Mungkin kita pernah mendengar keluhan atau malahan mendekati gossip terhadap seseorang. Kita membicarakan seseorang yang jarang sekali ke gereja dan kita berpraduga bahwa dia mau murtad. Secara tidak langsung muncul anggapan bahwa orang yang lebih sering ke gereja itu mesti lebih baik, dibandingkan dengan yang jarang ke gereja. Padahal pada saat tersebut, yang dibutuhkan mungkin pencerahan, penerangan melalui kunjungan dan dialog. Di sisi lain si pengunjung akan lebih mengenal dan akhirnya bisa memaklumi keadaan orang tersebut.

Paling tidak, menyampaikan kesaksian akan karya Tuhan, hampir sama dengan mewartakan kabar gembira.

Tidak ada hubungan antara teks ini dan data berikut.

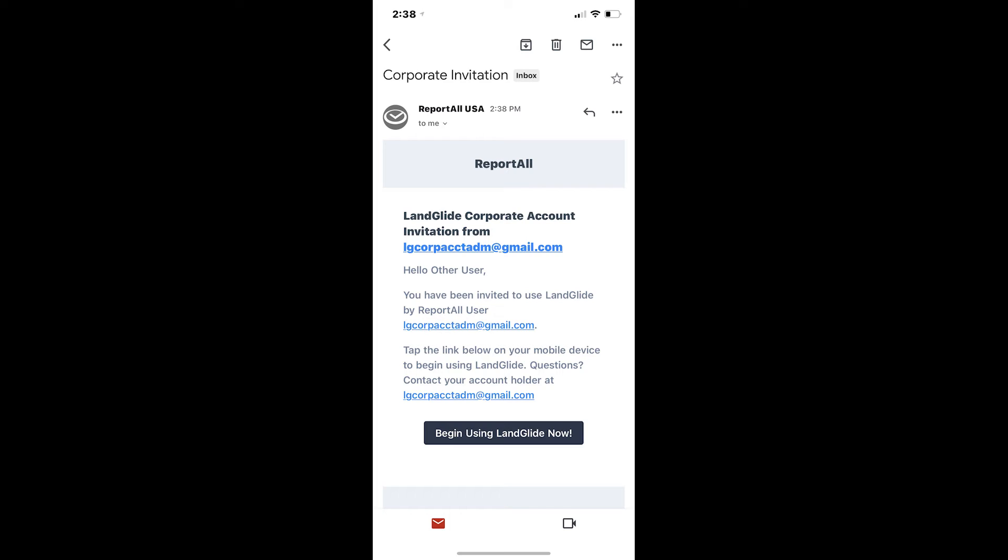If you have not received the invitation email, please reach out to your corporate account administrator and ask that they resend it.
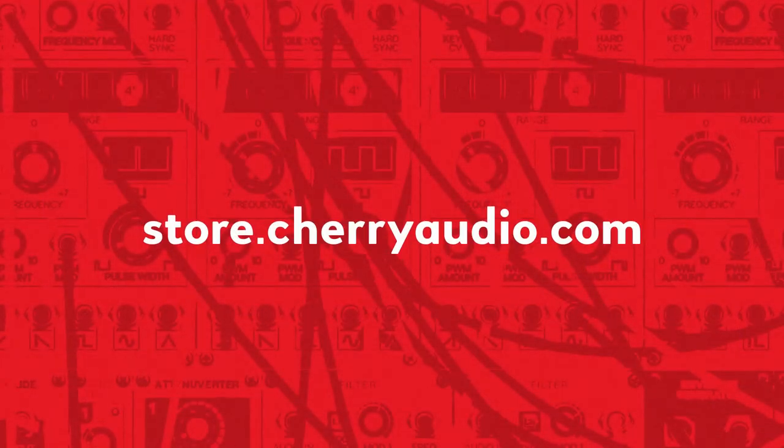And that wraps everything up for this video. For more information on the new FM bundle or to try it out for yourself today, you can head over to the Cherry Audio store.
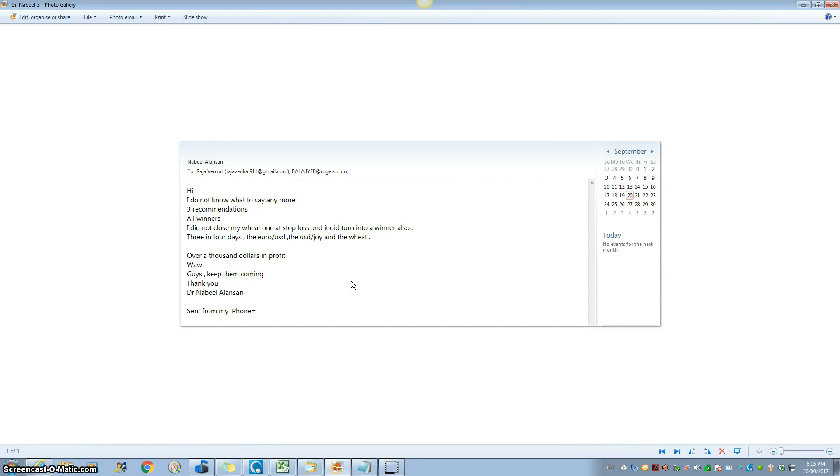Good afternoon, this is Balas Subramanian here, welcoming you to e-mini-futures by cell.com, 20th of September 2017, 6:15 p.m.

Masih banyak orang-orang sederhana yang menantikan kabar sukacita tersebut, dengan penerimaan yang sederhana juga. Mungkin yang begitu rohani malahan harus diterima dengan kesederhanaan bahwa sebenarnya kita bukan apa-apa. Dalam ketidak berdayaan kita, jangan-jangan kita malah bisa lebih pasrah kepada Sang Pencipta. Dalam kepasrahan total ini, jangan-jangan malahan itulah yang disukai Tuhan. Biarlah Tuhan yang menguasai kehidupan kita, bukan ego kita yang menang.